Think about the difference between "need to know" information; and "nice to know" information. As there is a difference.

 

[mshunter]

is over your head then I suggest stopping by your local middle school. I'm certain 90 percent of them could set you straight. I know 8th grade algebra class covers what we discussed in this thread, less the use of the trigonometry term cosine.

Keep in mind that the limiting factor is rarely ones ability comprehend. I'm certain, in this and many other cases, that this includes yourself.

I haven't done that level of math since high school(almost 15 years now), so, disuse comes to mind real quick. I also never had to use that level of math to get through any of my certificates, I don't think. But, you still shouldn't need to teach any math to anyone getting a pilots license. I never had to. I was capable of showing them a graphical representation in textbooks to get the point across, or using basic math to figure things out. Please, save the "go back to middle school" comments. This is no place for them. We don't need to go down that road again my friend. My point still stands. There is no use for your average student using these math calculations. It's un-important. You can use this graph right here to tell them all about load factor.
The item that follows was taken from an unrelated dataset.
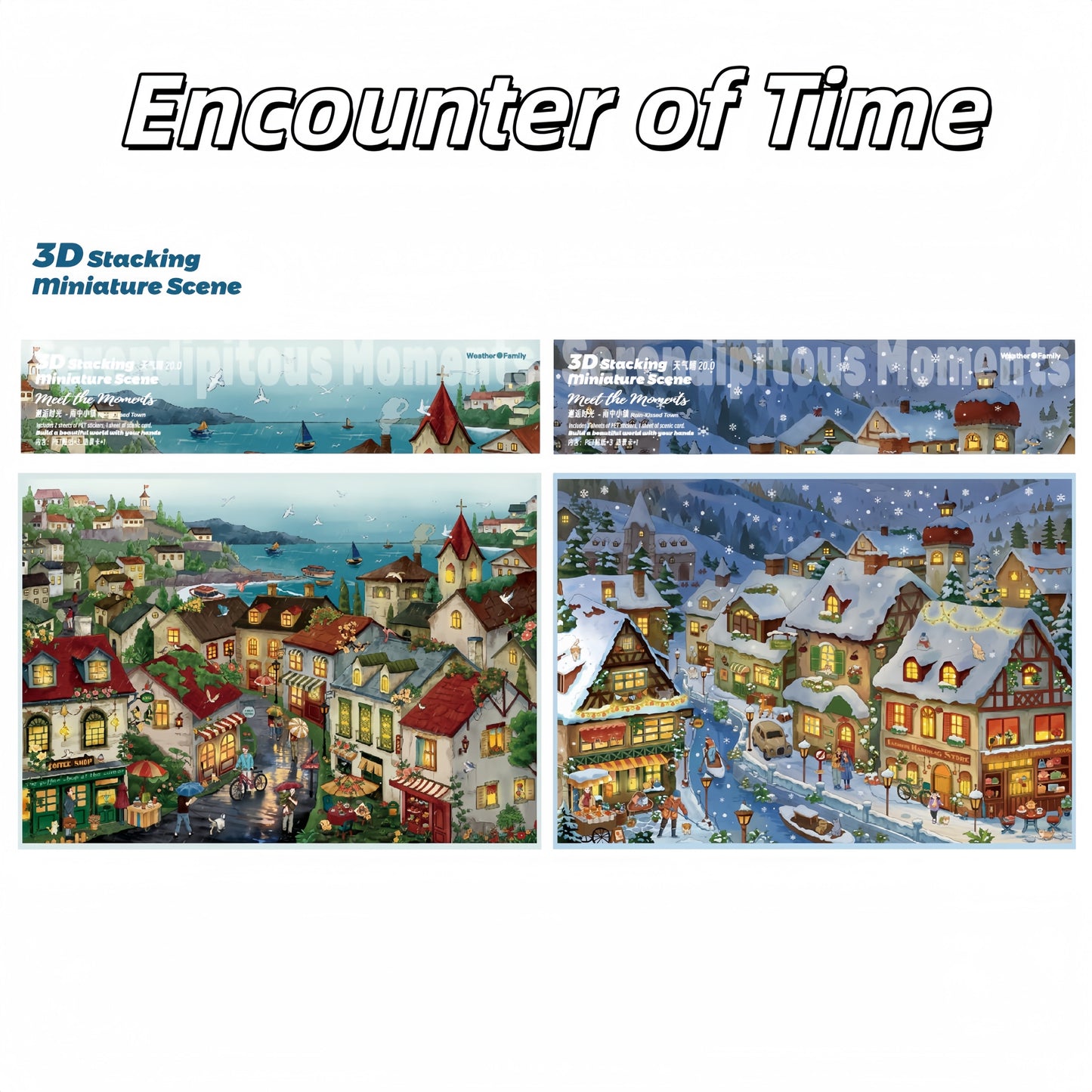 Encounter of Time 3D Sticker | 2 Cute Miniature Scenes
And then correlate it to this picture:

See how simple that was...............

Best part is, my simple mind understands it. Now all you have to do is get in the airplane with said student, roll in a 45 deg bank and correlate the chart to the feel. then 60, then 90 if the airplane is capable.

 

[swisspilot]

But I have a hard time believing that our modern, GPS equipped, tricycle gear aircraft are actually making us *less* safe than the alternative.

speaking of TAAs they do have a way better safety record then other, more traditional planes, the only higher number of accidents the TAAs have are ADM related to weather.

 

[TwoTwoLeft]

Think about the difference between "need to know" information; and "nice to know" information. As there is a difference.
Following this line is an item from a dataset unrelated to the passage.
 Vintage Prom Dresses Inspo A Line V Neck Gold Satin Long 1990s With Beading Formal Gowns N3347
You hit the nail on the head right there.

 

[shdw]

My issue is that there is no practical application for this in the cockpit.

A quick recap: This discussion has been over whether or not a stabilized, level, 60 degree bank turn has a different g-force than a stabilized descending/climbing one. What the final numbers gave us was that, for typical operations (10 degree or less climb/descent), a 60 degree bank turn is always 2g.
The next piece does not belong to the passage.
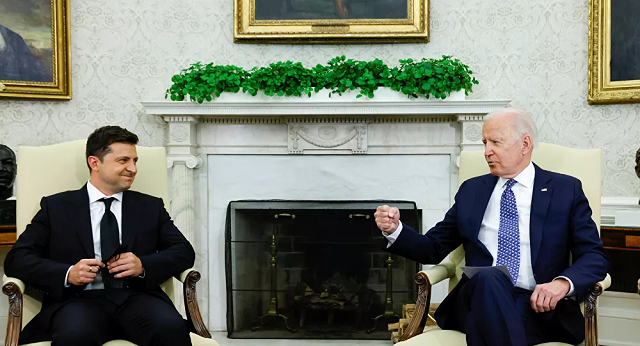 Tổng thống Mỹ Joe Biden gặp người đồng cấp Ukraine Volodymyr Zelensky tại Washington.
Math was used merely as proof.

I already gave the practical application for such knowledge, though it seems like ages ago at this point so I'll quote it for reference:

This fundamental concept is the key, in my opinion, to teaching climbing and descending turns. Once the student can feel and accurately fly a 30 degree banked, level turn, they can do it from any starting pitch attitude. Simply pitch to a desired attitude and execute a normal level turn. Control pressure and kinesthetic feel will be identical to any level turn. The only change is to the visual picture.

It can also shed light on why a student who enters a steep turn in a slight descent will, without instrument reference, likely fly a perfectly stable descending steep turn. Once the descent has started, if they pull to 2G to fly a typical level turn they will remain in that descent. They must pull more than 2G to bring the nose back up, and/or reduce the bank angle.

 

[shdw]

Please, save the "go back to middle school" comments. This is no place for them. We don't need to go down that road again my friend.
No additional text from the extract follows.